#### Task prompt:
In the records that follow, find the line containing "MOBILITY LAB Tastiera" and the line containing "B&D Towing tow", then transcribe both and every line between them exactly, omitting pictures.

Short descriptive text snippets
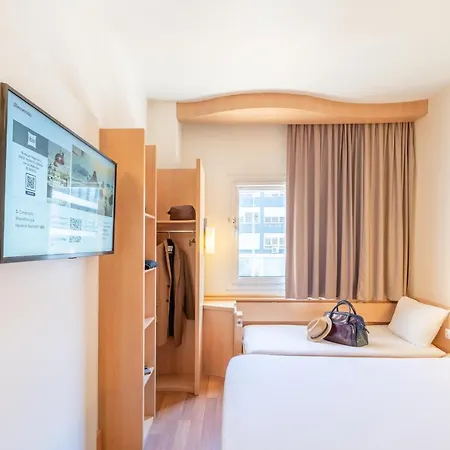 Hotel Ibis Calle Alcala *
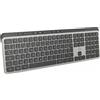 MOBILITY LAB Tastiera Mobility Lab KP450W Nero Grigio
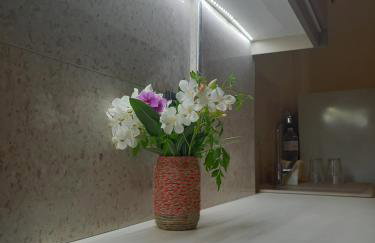 Nebulous Apartment - Foto 4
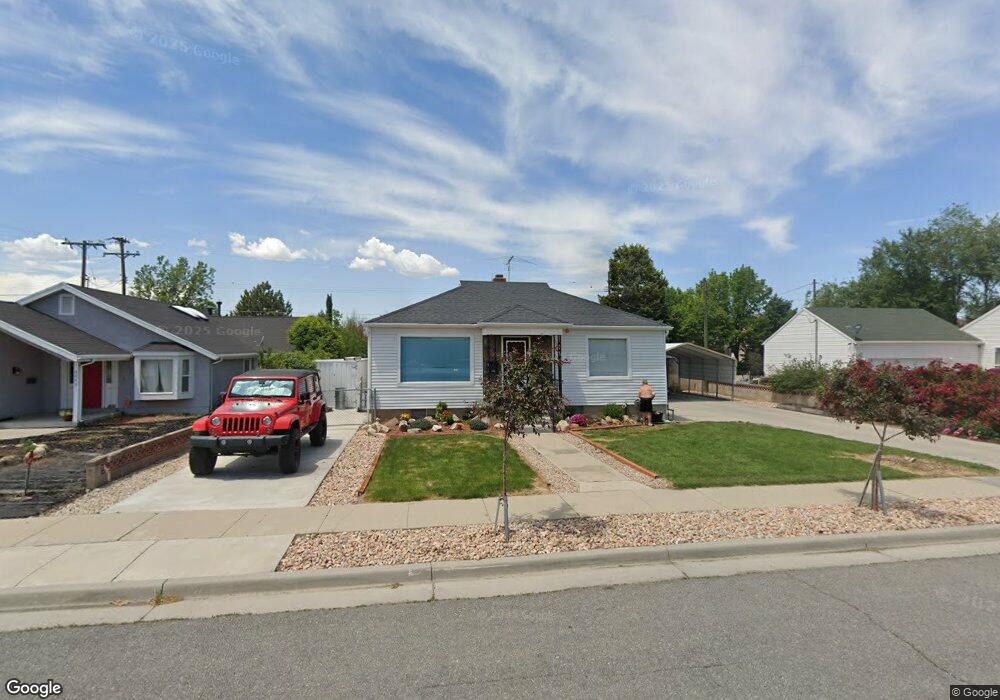 8048 Wood St, Midvale, UT 84047 - photo 1
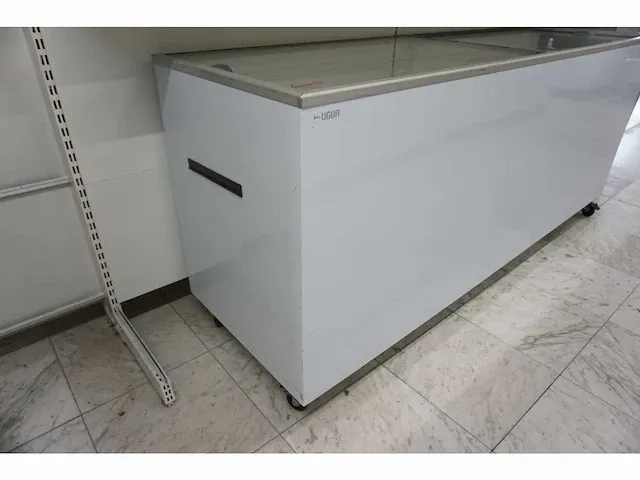 Ugur - udd 600 sc - vriezer - afbeelding 3 van  5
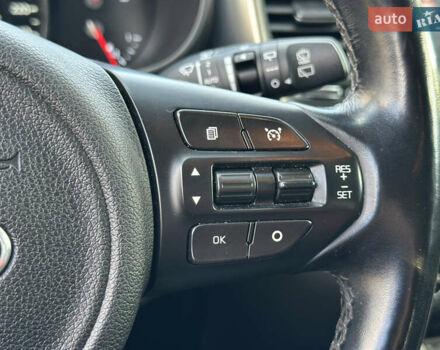 Серый Киа Соренто, объемом двигателя 2.2 л и пробегом 149 тыс. км за 21000 $, фото 59 на Automoto.ua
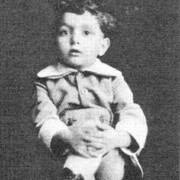 dean toddler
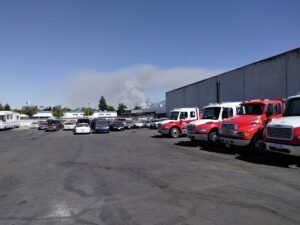 B&D Towing tow service company in Concord, California offering 24 hour towing near me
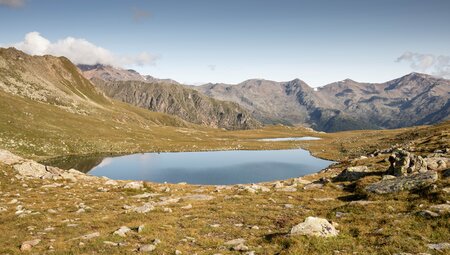 Südtirol - Highlights im Ultental erwandern für Singles und Alleinreisende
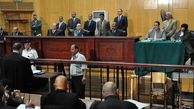 تایید حکم اعدام 7 نفر در مصر به اتهام اقدامات تروریستی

#### Answer to this exercise:
 MOBILITY LAB Tastiera Mobility Lab KP450W Nero Grigio
 Nebulous Apartment - Foto 4
 8048 Wood St, Midvale, UT 84047 - photo 1
 Ugur - udd 600 sc - vriezer - afbeelding 3 van  5
 Серый Киа Соренто, объемом двигателя 2.2 л и пробегом 149 тыс. км за 21000 $, фото 59 на Automoto.ua
 dean toddler
 B&D Towing tow service company in Concord, California offering 24 hour towing near me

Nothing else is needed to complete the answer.